Normal TriggeredScaleUp 18s cluster-autoscaler pod triggered scale-up: [{https://www.googleapis.com/compute/v1/projects/ocorg-334906/zones/northamerica-northeast1-b/instanceGroups/gk3-federado-default-pool-a7b1a13b-grp 2->3 (max: 1000)}]
I don't see any reason it should do so, other than there might be a slight cpu/mem spike to get the docker container running? Either way, 4 nodes seems excessive. Plus, wouldn't it attempt to spin up one pod once the usage dies down again?
Also, this is complicated by the fact that this is a somewhat recent problem. I have another deployment that works correctly but was recently having an issue scaling up as well (which I solved by restarting the cluster in a different google region). Could it be that the region simply doesn't have enough resources to spin up even one pod?
I have autoscaling in my helm chart disabled, but I know that GCP has the cluster-autoscaler automatically enabled. Is there any way I could disable this to avoid it trying and failing to allocate more resources?
I tried to deploy the chart and get a pod running, but instead the pod attempts to autoscale and fails to run.
CodePudding user response:
These messages are coming from the cluster autoscaler, a component which creates and destroys nodes. It's not anything in your Helm chart or Kubernetes YAML, and it's separate from the horizontal pod autoscaler if you have that configured.
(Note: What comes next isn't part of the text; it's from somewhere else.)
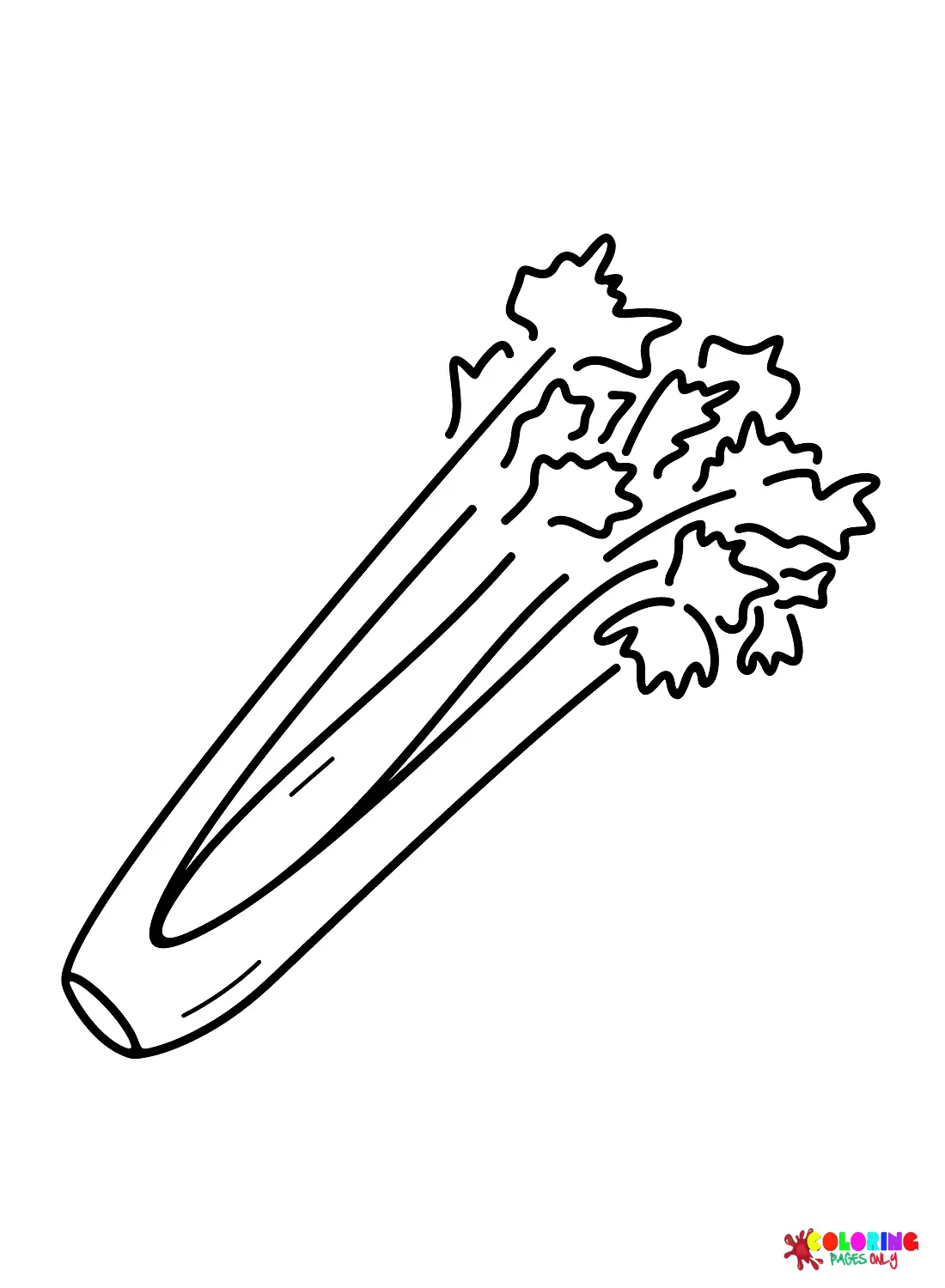 Celery Coloring Pages 22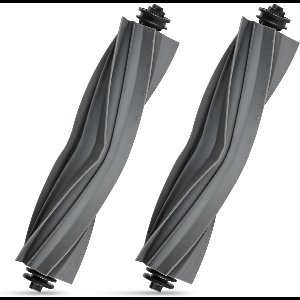 2 stuks hoofdborstel accessoires Gescht voor Dreame X40 Ultra / L10s Ultra / L40 Ultra / L10s Ultra Gen 2 / L10s Pro Ultra Heat / D10 Plus Gen 2 stofzuigerrobots, rubberen borstel vervangstukken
Those messages are telling you:
- The cluster currently (before you've installed anything) is running 4 nodes
- The pod's configured
resources: { requests: }
don't fit on any of the existing nodes; no node has either enough CPU or enough memory to fit it - The cluster autoscaler believes the pod will fit on a new node
- A new node is being provisioned, with the goal that this pod will run there
This is only controlled by the resource requests in the existing pods. If a pod is using more memory than it requests, it won't block scheduling, but it could get evicted if the node runs out of memory.
So, the only thing this one pod is doing that affects the cluster is having large resource requests. If it only needs the additional memory during startup and you can tolerate it getting evicted during the startup phase, you could reduce the memory and CPU requests to only what it needs in steady-state runtime. (But note that some language runtimes are bad about returning unused memory to the OS; I don't know about Python specifically here but it's possible that the Kubernetes-observed memory usage will never decrease.)